Content starts

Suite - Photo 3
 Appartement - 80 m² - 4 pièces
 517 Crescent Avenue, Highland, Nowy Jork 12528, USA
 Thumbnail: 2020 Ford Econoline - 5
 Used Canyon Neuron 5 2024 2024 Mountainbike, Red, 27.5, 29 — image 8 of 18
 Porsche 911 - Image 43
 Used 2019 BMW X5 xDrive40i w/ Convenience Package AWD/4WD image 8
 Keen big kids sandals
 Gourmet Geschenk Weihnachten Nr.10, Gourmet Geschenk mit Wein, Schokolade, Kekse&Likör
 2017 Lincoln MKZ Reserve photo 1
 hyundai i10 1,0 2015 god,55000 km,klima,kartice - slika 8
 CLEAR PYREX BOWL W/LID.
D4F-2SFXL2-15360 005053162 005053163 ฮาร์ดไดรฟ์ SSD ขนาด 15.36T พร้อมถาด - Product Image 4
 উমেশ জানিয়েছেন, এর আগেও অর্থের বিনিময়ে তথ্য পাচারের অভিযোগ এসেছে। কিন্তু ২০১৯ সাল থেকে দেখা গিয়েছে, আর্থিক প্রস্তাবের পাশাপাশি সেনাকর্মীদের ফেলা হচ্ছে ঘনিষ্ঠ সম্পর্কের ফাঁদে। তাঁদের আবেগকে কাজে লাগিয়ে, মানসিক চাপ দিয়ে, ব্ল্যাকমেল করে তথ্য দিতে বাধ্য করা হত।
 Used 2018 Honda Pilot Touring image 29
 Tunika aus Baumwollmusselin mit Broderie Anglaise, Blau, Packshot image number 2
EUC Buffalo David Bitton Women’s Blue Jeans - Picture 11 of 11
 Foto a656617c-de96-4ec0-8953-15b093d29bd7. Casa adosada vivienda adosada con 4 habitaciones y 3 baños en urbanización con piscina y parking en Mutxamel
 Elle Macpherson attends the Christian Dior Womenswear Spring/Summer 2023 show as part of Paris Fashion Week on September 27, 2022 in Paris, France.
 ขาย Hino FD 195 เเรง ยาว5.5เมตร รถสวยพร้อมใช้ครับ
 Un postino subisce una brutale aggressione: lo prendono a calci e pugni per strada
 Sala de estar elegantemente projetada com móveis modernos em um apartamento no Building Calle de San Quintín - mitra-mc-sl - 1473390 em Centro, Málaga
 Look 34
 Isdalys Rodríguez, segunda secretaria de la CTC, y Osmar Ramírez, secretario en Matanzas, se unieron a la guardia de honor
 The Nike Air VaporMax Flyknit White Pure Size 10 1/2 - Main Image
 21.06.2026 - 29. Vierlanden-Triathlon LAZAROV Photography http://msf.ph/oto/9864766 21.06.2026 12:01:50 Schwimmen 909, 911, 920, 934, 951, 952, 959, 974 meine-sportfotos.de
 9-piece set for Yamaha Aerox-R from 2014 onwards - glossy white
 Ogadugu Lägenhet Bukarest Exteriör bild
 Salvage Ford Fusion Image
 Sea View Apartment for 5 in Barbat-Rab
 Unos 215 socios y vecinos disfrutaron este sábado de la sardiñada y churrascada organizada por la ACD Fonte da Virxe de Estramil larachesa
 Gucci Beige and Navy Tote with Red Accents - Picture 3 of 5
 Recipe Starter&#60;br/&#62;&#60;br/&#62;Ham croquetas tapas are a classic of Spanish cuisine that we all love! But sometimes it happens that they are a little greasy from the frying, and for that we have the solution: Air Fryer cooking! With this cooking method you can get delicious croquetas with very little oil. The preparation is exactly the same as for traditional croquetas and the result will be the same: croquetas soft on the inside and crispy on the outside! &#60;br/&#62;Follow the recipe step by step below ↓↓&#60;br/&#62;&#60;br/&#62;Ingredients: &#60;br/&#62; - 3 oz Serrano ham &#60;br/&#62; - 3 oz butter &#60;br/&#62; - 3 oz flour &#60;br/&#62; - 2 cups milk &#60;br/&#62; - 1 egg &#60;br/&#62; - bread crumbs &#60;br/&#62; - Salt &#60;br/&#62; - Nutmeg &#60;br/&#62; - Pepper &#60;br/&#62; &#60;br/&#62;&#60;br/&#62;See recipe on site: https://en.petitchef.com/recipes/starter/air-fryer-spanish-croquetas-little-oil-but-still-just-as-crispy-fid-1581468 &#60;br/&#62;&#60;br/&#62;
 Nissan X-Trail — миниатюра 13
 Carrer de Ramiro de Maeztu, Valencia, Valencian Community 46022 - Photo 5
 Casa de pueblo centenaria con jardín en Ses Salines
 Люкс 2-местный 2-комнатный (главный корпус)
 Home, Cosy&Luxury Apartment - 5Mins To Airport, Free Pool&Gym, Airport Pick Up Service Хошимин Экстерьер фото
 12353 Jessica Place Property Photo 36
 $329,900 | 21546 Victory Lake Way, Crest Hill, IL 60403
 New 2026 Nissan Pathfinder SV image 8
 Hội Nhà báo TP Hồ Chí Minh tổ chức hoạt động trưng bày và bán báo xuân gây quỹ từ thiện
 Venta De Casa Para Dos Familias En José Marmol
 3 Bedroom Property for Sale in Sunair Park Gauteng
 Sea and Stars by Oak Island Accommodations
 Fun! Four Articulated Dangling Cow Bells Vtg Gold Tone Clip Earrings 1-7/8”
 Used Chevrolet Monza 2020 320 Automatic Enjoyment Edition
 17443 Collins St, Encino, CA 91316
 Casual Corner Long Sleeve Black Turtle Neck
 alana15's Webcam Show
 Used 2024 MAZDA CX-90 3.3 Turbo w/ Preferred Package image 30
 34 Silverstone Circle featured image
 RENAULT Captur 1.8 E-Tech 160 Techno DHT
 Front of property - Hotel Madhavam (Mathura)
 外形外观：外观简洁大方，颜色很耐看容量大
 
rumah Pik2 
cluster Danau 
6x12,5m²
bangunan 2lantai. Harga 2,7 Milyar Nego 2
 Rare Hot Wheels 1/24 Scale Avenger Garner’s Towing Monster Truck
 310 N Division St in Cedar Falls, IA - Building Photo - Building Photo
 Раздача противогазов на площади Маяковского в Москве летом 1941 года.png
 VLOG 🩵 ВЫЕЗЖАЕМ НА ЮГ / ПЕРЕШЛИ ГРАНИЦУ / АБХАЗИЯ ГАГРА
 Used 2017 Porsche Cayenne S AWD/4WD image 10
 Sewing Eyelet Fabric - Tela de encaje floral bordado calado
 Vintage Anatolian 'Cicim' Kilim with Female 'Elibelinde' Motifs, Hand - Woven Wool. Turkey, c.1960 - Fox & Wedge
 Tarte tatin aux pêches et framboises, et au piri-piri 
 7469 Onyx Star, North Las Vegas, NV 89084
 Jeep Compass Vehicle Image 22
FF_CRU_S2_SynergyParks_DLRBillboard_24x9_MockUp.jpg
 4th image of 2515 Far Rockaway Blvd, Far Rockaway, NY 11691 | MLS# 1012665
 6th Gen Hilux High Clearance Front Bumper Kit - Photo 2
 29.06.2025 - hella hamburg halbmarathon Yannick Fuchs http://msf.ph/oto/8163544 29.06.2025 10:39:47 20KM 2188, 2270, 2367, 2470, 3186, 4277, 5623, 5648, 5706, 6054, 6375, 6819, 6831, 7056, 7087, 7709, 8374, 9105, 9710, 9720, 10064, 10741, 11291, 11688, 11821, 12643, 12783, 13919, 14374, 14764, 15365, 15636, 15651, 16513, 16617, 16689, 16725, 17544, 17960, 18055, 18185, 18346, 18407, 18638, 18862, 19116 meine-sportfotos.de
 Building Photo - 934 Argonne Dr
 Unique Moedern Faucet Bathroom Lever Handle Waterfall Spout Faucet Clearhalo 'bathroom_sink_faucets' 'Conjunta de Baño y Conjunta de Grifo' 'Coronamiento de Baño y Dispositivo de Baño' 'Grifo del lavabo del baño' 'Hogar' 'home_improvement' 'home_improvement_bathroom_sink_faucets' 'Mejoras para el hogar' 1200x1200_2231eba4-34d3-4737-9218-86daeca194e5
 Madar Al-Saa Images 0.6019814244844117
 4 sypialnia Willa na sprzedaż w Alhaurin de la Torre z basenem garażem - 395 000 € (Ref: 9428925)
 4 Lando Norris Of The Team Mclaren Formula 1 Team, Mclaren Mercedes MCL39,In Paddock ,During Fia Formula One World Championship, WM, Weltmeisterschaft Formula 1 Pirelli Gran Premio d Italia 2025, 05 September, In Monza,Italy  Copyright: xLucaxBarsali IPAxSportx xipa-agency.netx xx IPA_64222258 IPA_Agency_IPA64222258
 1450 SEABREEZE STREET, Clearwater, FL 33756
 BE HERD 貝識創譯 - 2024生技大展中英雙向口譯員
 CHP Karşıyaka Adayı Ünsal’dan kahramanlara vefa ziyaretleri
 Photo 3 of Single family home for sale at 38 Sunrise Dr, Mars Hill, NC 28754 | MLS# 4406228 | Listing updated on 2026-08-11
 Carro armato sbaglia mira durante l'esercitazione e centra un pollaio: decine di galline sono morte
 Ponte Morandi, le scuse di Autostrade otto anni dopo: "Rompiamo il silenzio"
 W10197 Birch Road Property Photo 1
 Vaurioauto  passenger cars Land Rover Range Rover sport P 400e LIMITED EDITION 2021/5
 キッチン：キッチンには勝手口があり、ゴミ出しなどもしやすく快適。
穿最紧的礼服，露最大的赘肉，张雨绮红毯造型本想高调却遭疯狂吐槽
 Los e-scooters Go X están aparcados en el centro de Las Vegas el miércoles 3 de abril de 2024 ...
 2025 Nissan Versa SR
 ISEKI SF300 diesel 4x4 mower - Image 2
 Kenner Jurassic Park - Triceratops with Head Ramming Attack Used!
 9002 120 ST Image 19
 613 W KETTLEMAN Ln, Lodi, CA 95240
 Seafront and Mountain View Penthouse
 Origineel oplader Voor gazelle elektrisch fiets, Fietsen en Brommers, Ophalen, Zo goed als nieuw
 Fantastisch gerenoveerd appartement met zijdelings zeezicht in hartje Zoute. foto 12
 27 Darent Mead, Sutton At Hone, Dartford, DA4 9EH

Content ends

**Problem statement**
From the records above, transcribe without alteration every line from the one with "4 Lando Norris" to the one with "Photo 3 of Single", inclusive.

**Your solution**
 4 Lando Norris Of The Team Mclaren Formula 1 Team, Mclaren Mercedes MCL39,In Paddock ,During Fia Formula One World Championship, WM, Weltmeisterschaft Formula 1 Pirelli Gran Premio d Italia 2025, 05 September, In Monza,Italy  Copyright: xLucaxBarsali IPAxSportx xipa-agency.netx xx IPA_64222258 IPA_Agency_IPA64222258
 1450 SEABREEZE STREET, Clearwater, FL 33756
 BE HERD 貝識創譯 - 2024生技大展中英雙向口譯員
 CHP Karşıyaka Adayı Ünsal’dan kahramanlara vefa ziyaretleri
 Photo 3 of Single family home for sale at 38 Sunrise Dr, Mars Hill, NC 28754 | MLS# 4406228 | Listing updated on 2026-08-11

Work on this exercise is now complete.